Where the line containing "Power Reclining Sofa" appears, start repeating, and continue exactly through the last line below, adding nothing. Include no pictures.
[[ Supplied data open ]]
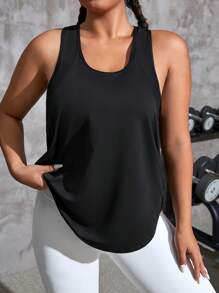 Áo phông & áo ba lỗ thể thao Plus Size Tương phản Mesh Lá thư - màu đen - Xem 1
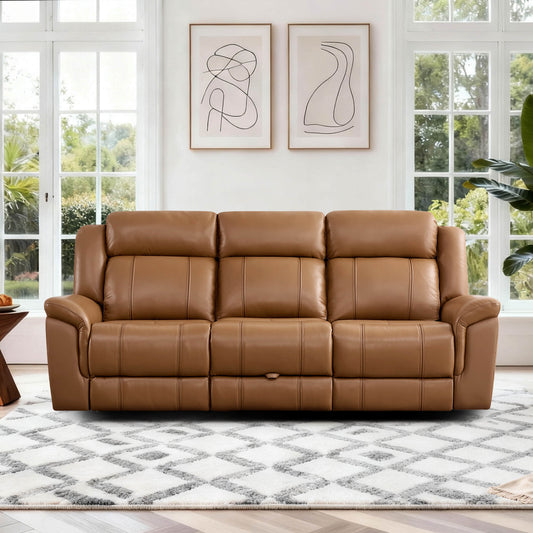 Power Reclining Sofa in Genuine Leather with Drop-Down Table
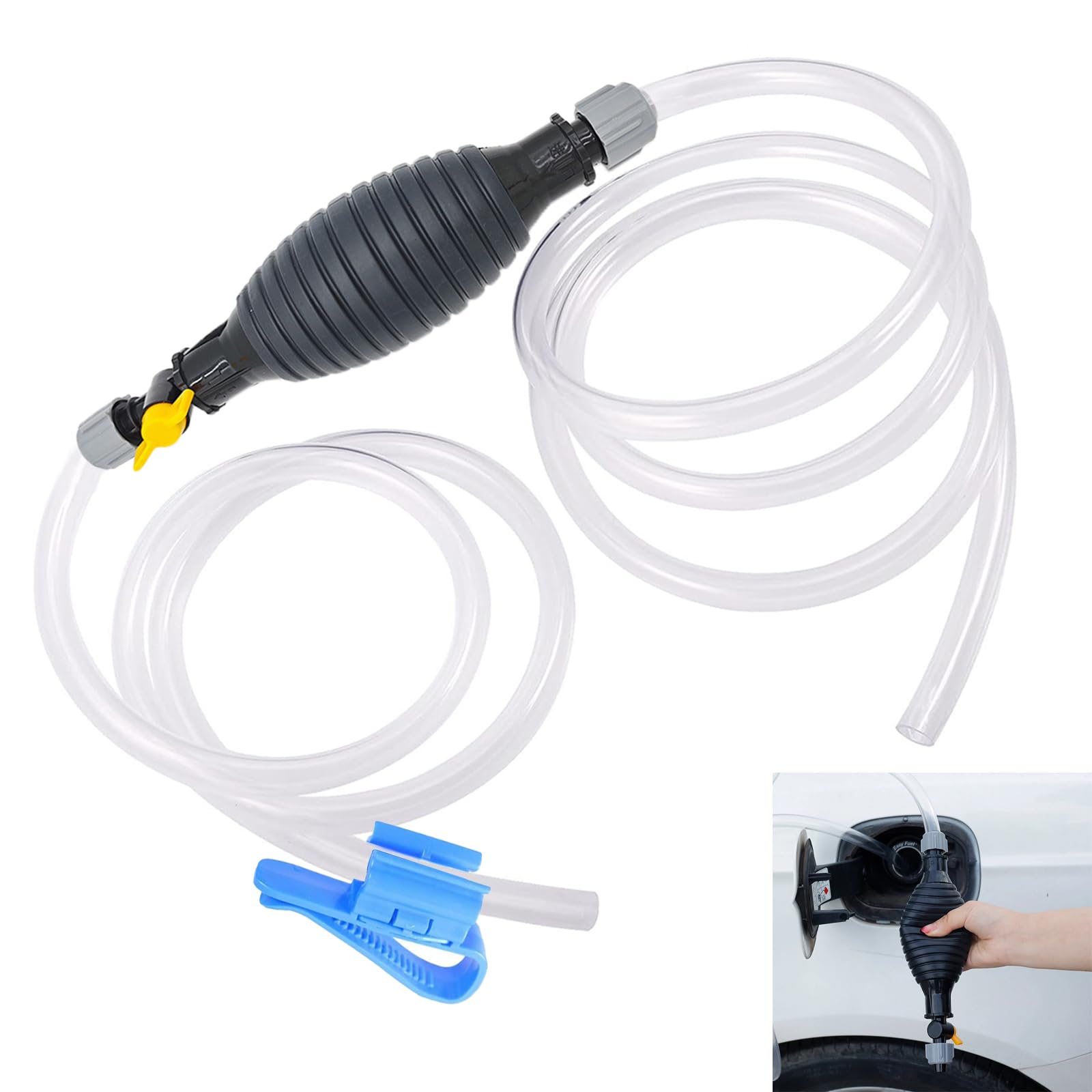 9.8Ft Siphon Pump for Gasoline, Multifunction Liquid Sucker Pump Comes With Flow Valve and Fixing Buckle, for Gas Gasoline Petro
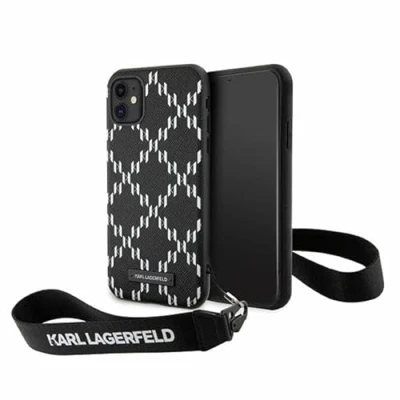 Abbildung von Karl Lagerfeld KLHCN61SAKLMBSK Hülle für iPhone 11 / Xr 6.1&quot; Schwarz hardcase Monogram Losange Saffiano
[[ Supplied data closed ]]
_Answer to this task_.
 Power Reclining Sofa in Genuine Leather with Drop-Down Table
 9.8Ft Siphon Pump for Gasoline, Multifunction Liquid Sucker Pump Comes With Flow Valve and Fixing Buckle, for Gas Gasoline Petro
 Abbildung von Karl Lagerfeld KLHCN61SAKLMBSK Hülle für iPhone 11 / Xr 6.1&quot; Schwarz hardcase Monogram Losange Saffiano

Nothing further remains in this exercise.